Although planted simultaneously under the same conditions, the two parent lines (“G32” and “J120”) of the previously constructed MAGIC population [18] showed different phenotypic characteristics, particularly in terms of flavor. A previous report showed that free glutamate content is a key factor conferring an umami taste on bottle gourd [9]. Therefore, the free glutamate contents of “G32” and “J120” were assayed before metabolomic analysis. As shown in Figure 1, the free glutamate content differed significantly between the two parent lines. The average free glutamate content of the strong-flavor parent “J120” was 211.8 μg/g, whereas that of its weak-flavor counterpart “G32” was only 78.5 μg/g. Other phenotypic characteristics of the two parents are listed in Table S1.
Flavor is a complex trait, and free glutamate content is one of the biochemical determinants of flavor. Therefore, the identification and evaluation of bottle gourd flavor at a broader metabolomic level and further identification of the relationship between identified metabolites other than free glutamate are of great significance for the analysis of the main components of gourd fruit flavor and will certainly contribute to breeding efforts aimed at improving fruit quality. Moreover, metabolomics has been previously used to reveal the nutritional aspects of a wide range of food and vegetables [25,26,27].

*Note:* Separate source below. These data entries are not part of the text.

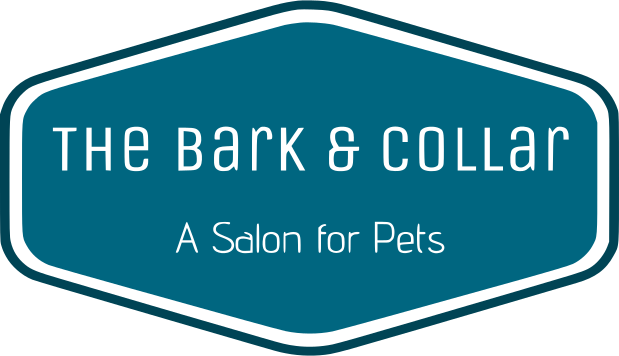 The Bark and Collar Logo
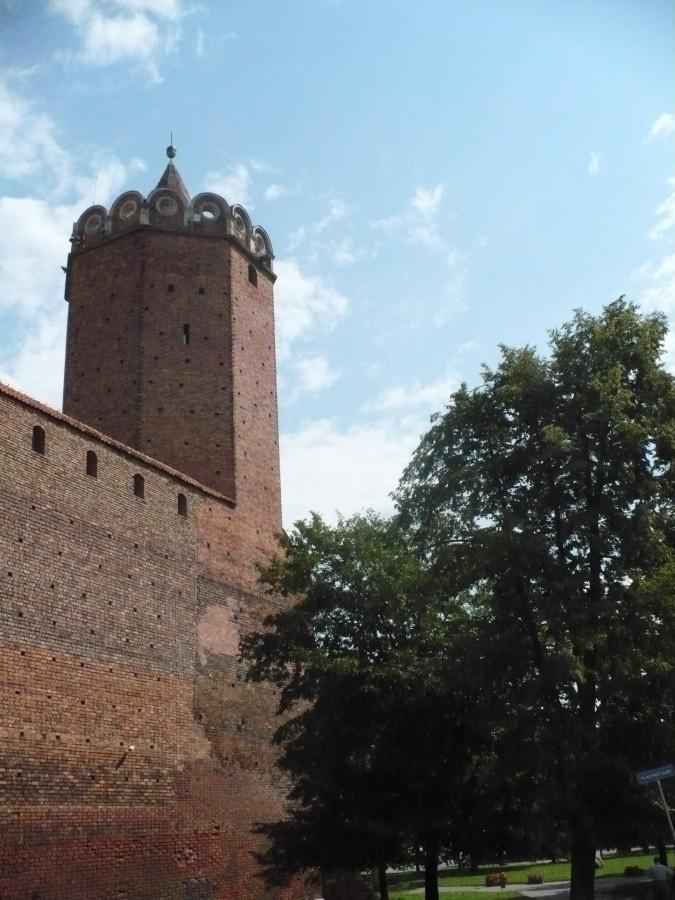 Zamek w Łęczycy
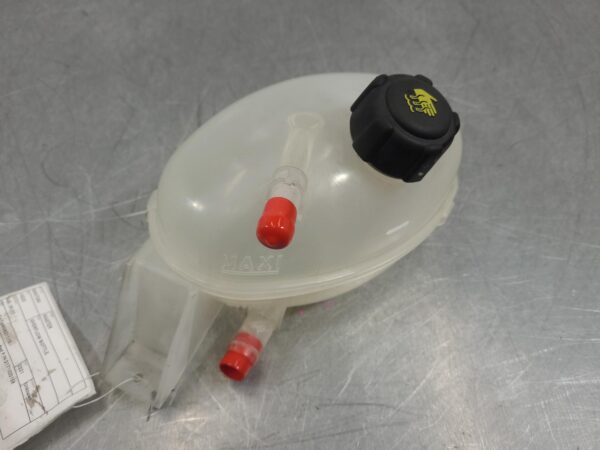Renault Master X62 Overflow Bottle 2011–Present
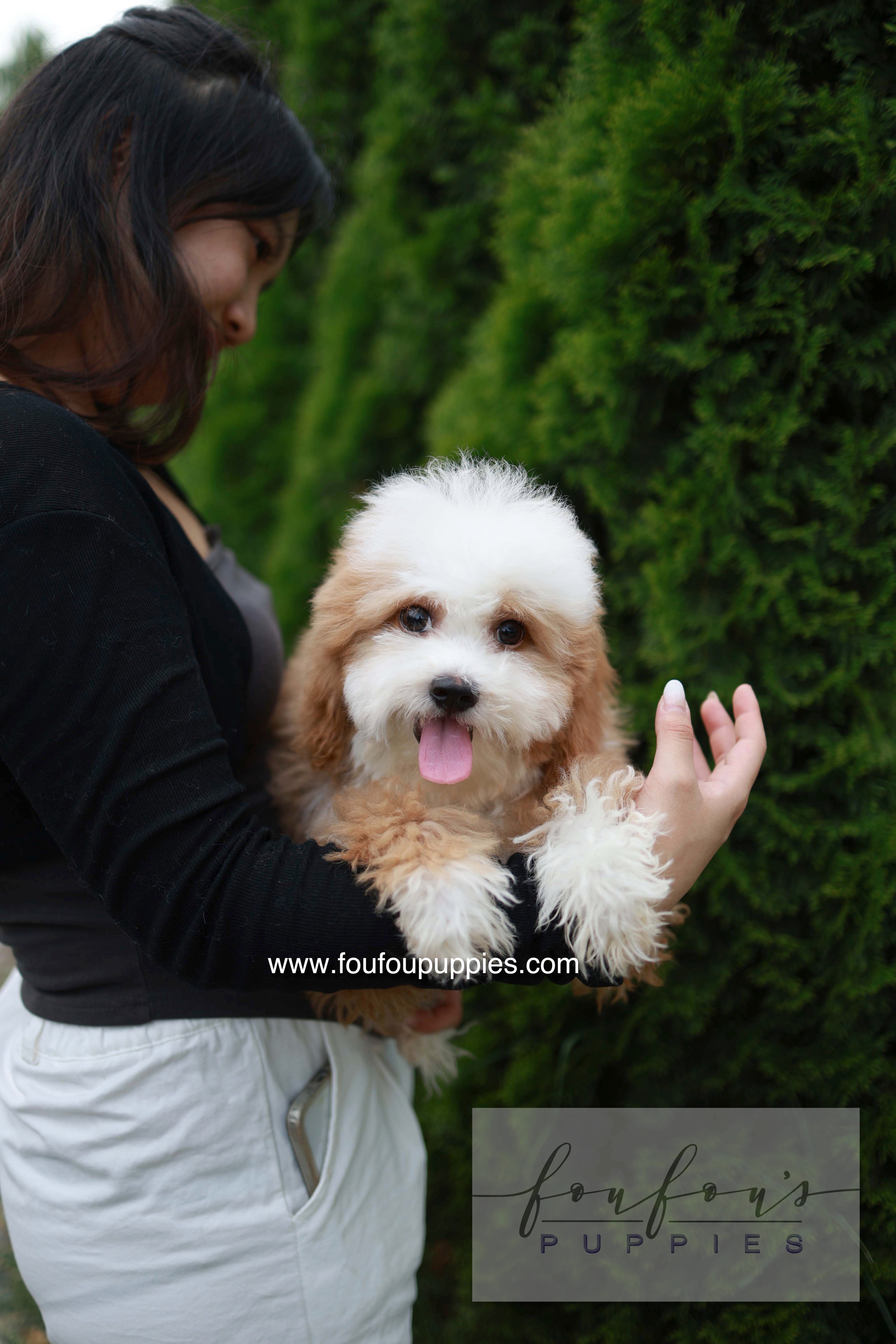 Barney - Golden Doodle M.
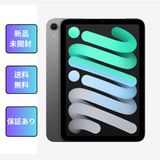 ̤ iPad Mini A17Pro 128GB ڡ졼WiFi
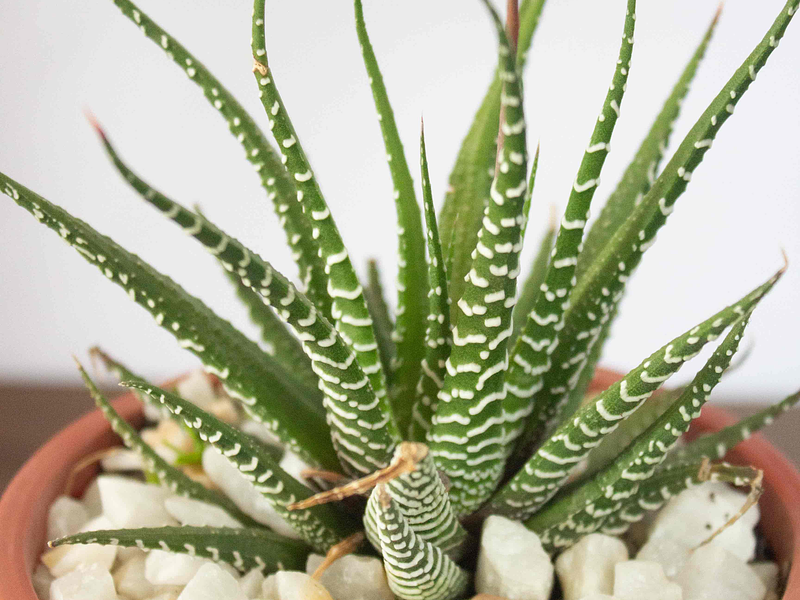 🪴 Guía Definitiva de Cuidado: Haworthia Cebra, La Suculenta para Interiores Oscuros
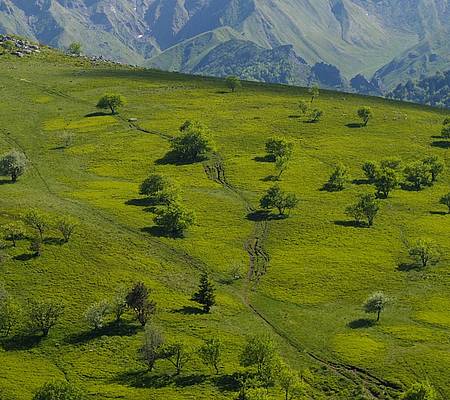 Randonnée Lacs et volcans d'Auvergne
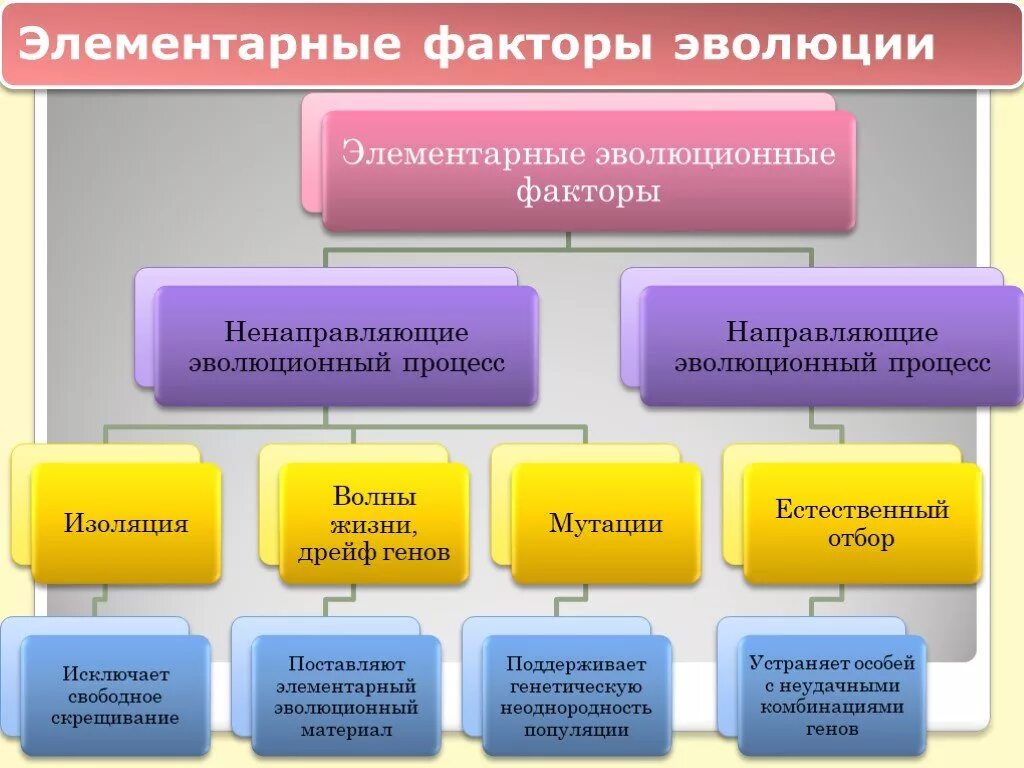 Элементарные факторы эволюции таблица биология 9 класс. Элементарные эволюционные факторы схема. Факторы эволюции 9 класс биология. Элементарные революционные факторы.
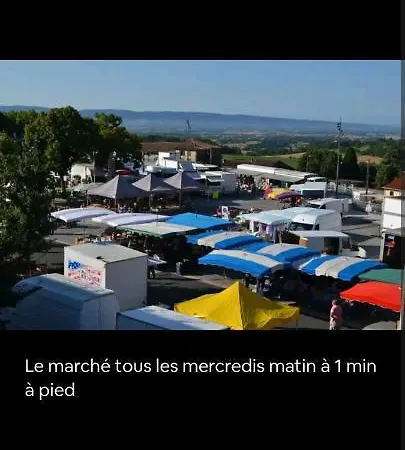 Charmant T2 Refait A Neuf, Au Coeur De Puylaurens Buitenkant foto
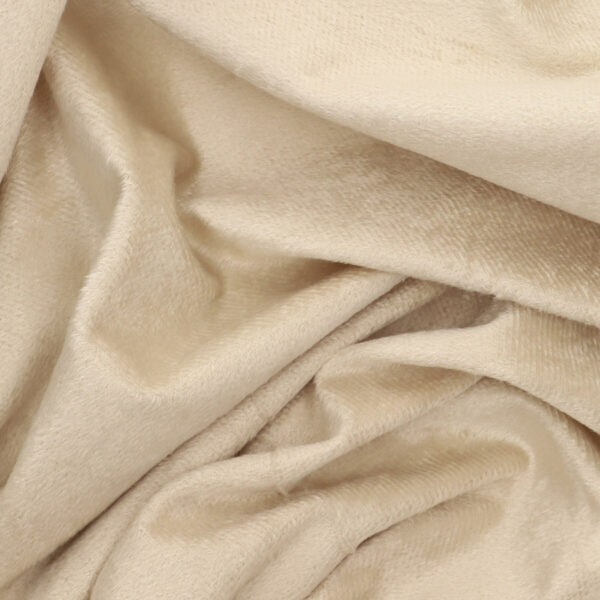 5904183855813_1 5904183855813_1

3.2. Metabolite Identification in “G32” and “J120”

To better understand the flavor differences between “G32” and “J120”, metabolomic analysis was performed to identify the metabolite profiles of these parents that differed significantly in flavor. A total of 1920 metabolites were identified, including 875 negative ionization (NEG) metabolites and 1045 positive ionization (POS) metabolites. PCA was conducted separately under the NEG and POS modes. PCA clearly separated the two materials and quality control samples under both NEG and POS modes (Figure 2A,B). Thus, in the NEG mode, the two principal components, PC1 and PC2, accounted for 62.7% and 14.4% of the total variance, respectively (Figure 2A), whereas in the POS mode, they accounted for 25.3% and 21.6% of the total variance, respectively (Figure 2B). This finding indicates a distinct difference in metabolite composition between “G32” and “J120”.
Subsequently, a log2_FC (case_mean/control_mean) transformation of each metabolite peak area was applied, and hierarchical cluster analysis was subsequently performed in both NEG and POS modes. Two distinct groups were found to be associated with “G32” and “J120” in both NEG and POS modes (Figure 2C,D). Consequently, PCA and hierarchical cluster analysis together suggested that, in addition to their strikingly different flavors, “G32” and “J120” differed significantly in their metabolite profiles.
To identify the differential metabolites between “G32” and “J120”, metabolites with log2_FC > 0 (upregulated) or <0 (downregulated) were selected for comparison between the two collections. A VIP value from the OPLS-DA model was used to screen metabolites with a VIP value ≥ 1.0, followed by a t-test at a p value < 0.05. Only 17 and 36 differential metabolites were identified between “G32” and “J120” in the NEG and POS modes, respectively (Figure 3B; Tables S2 and S3). Among these, 13 metabolites were upregulated and 4 were downregulated in the NEG mode in “J120” compared to “G32” (Figure 3A). In contrast, in the POS mode, 35 metabolites were upregulated, while only 1 metabolite was downregulated (Figure 3B). The differential metabolites were categorized into different classes under both NEG and POS modes (Figure 3C,D), but the major classes were consistently carboxylic acids, derivatives thereof, and organooxygen compounds (Figure 3C,D; Tables S2 and S3).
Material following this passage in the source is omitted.